M: I said every man says that!

D: No, you said, “It doesn’t matter.  I just want to be with you.”

M: I said that?! What was I drinking?

D: And, when we were driving down from San Francisco with a U-haul truck with everything she’d ever had to Neverland where she didn’t know anybody, we stopped on the way down in San Luis Obispo at this little bed and breakfast—

M: In San Luis Obispo.

D: I just said that!  And that night in the room, she said, “You’re the nicest man I’ve ever known,” and she said, “I hope I die before you do.”

M: I said that?! Well it ain’t happenin’ with the way you’re going.

Mom & Dad, 2010

Dad, what made you decide to commit to Mom?

D: She’s a real sweet person, she’s got a great sense of humor—sometimes. I also thought, God, she seems so unhappy so much of the time, but she doesn’t need to be so unhappy, she could be with me! (Laughs at himself) I wanted to make her happy, and I thought she’d make me real happy.

M: And have I?

D: Yes!



5 thoughts on “Interview with the O’Connells.”

  1. This is one of the most charming love stories I’ve ever read! And having had the great pleasure, for the last ten years, of calling the former Ms. Jill Foreman one of my very best friends makes it especially delightful to read. Thank you, Caitlyn for this surprise gift (via your father’s facebook), and keep up the great work!

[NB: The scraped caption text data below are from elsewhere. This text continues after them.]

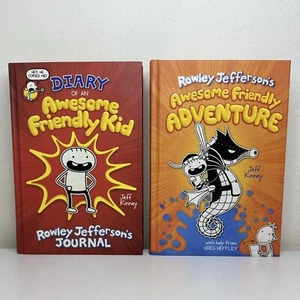 Diary of an Awesome Friendly Kid & Awesome Friendly Adventure - HC - Wimpy Kid - Imagen 1 de 11
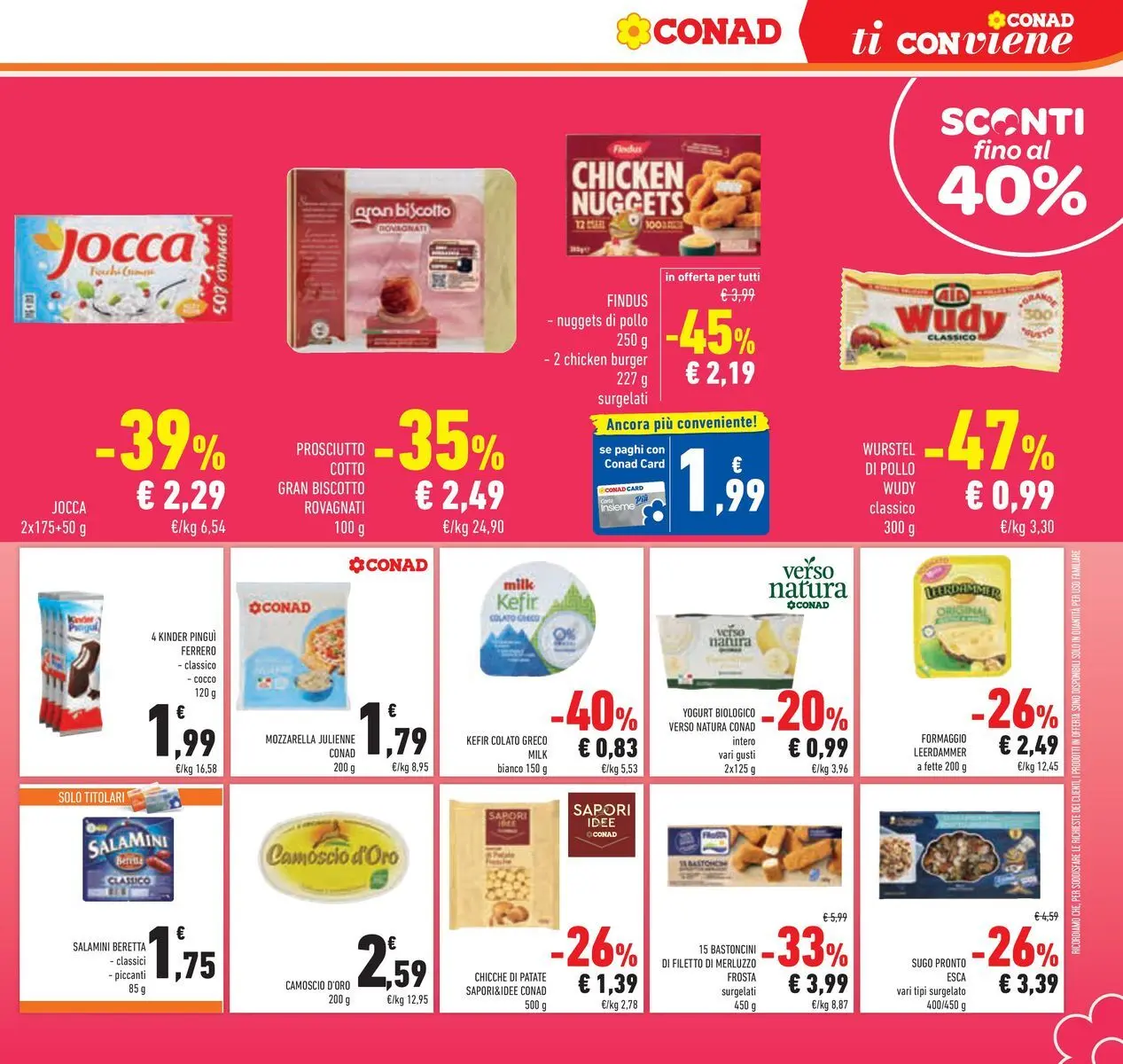 Volantino Conad dal 16/06/2026 > Anteprima | Pagina: 23 | Prodotti: Nuggets, Wurstel, Cocco, Sugo
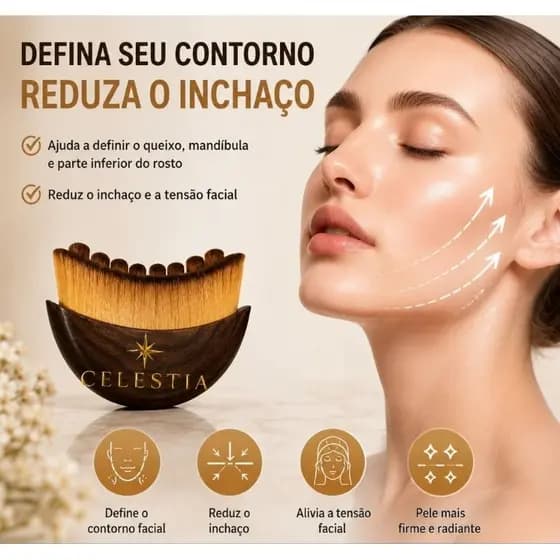 Escova Facial para Massagem e Drenagem Linfática | Cerdas Ultra Macias para Skincare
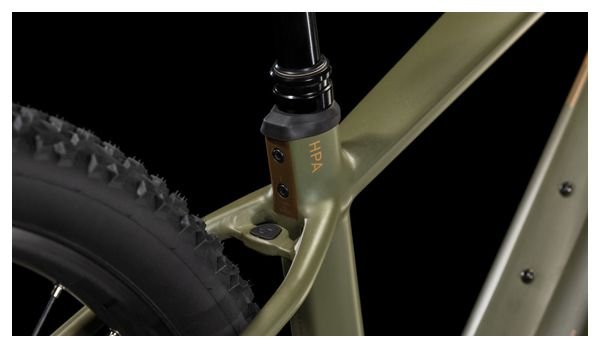 VTT Électrique Semi-Rigide Cube Reaction Hybrid Pro 600 Shimano Deore/Deore XT 12V 600 Wh 29'' Vert Dusty Olive 2025 – Image 10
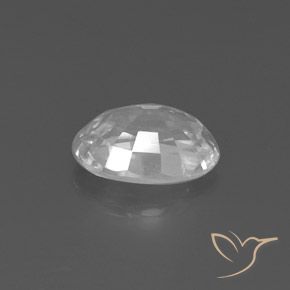 Zircon Blanc naturelle ovale, 2.25 ct, VVS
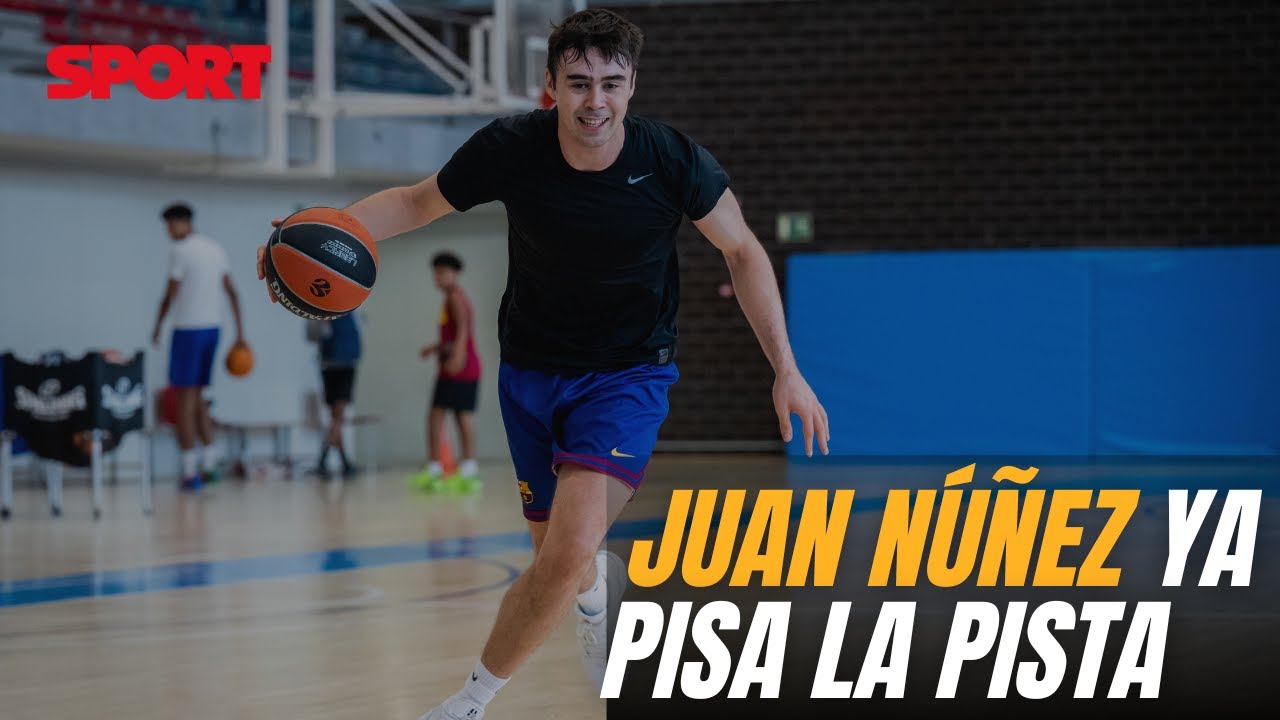 💪 Juan Núñez ya pisa la pista: así avanza su recuperación con el Barça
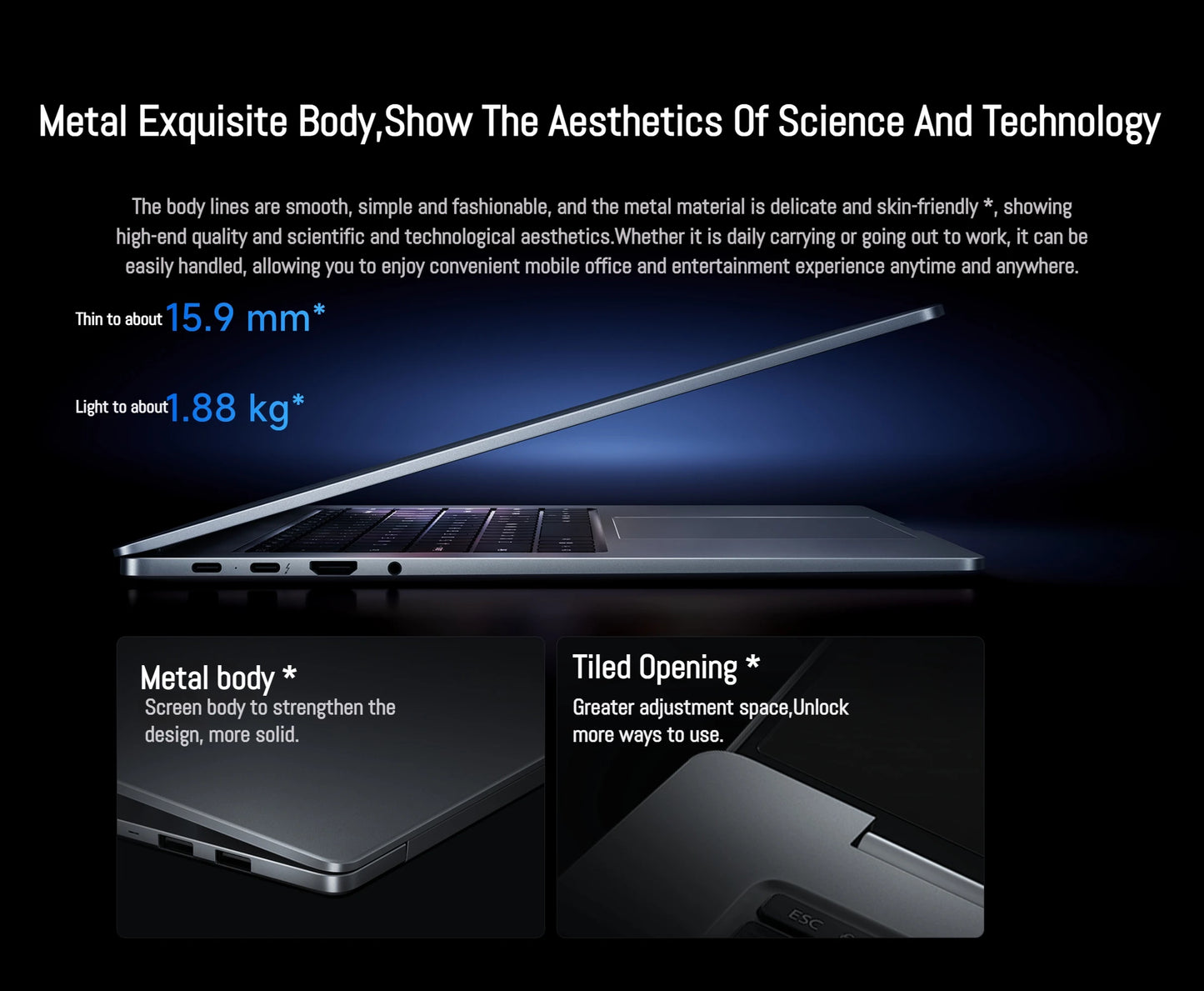 Xiaomi Redmi Book Pro 16 — Intel Ultra 7/Ultra 5, Arc Graphics, 32GB LPDDR5X, 1TB SSD, 3.1K 165Hz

  2. Honestly Caitlyn, I read this all the way through when you posted it earlier in the year and I read it all the way through again today, on their ANNIVERSARY: It’s a darling story and I find knowing you all the better knowing this. Your incredible charm and warmth clearly come from the kind of love I’ve only dreamed about! I hope you will always remember the serendipity and faith it took for your family to become what it is and that confusing as it may be, life is fun and full of adventure!

  3. Hi O’Connells. I just read this, three years late. A lovely reminiscence. Great photos too.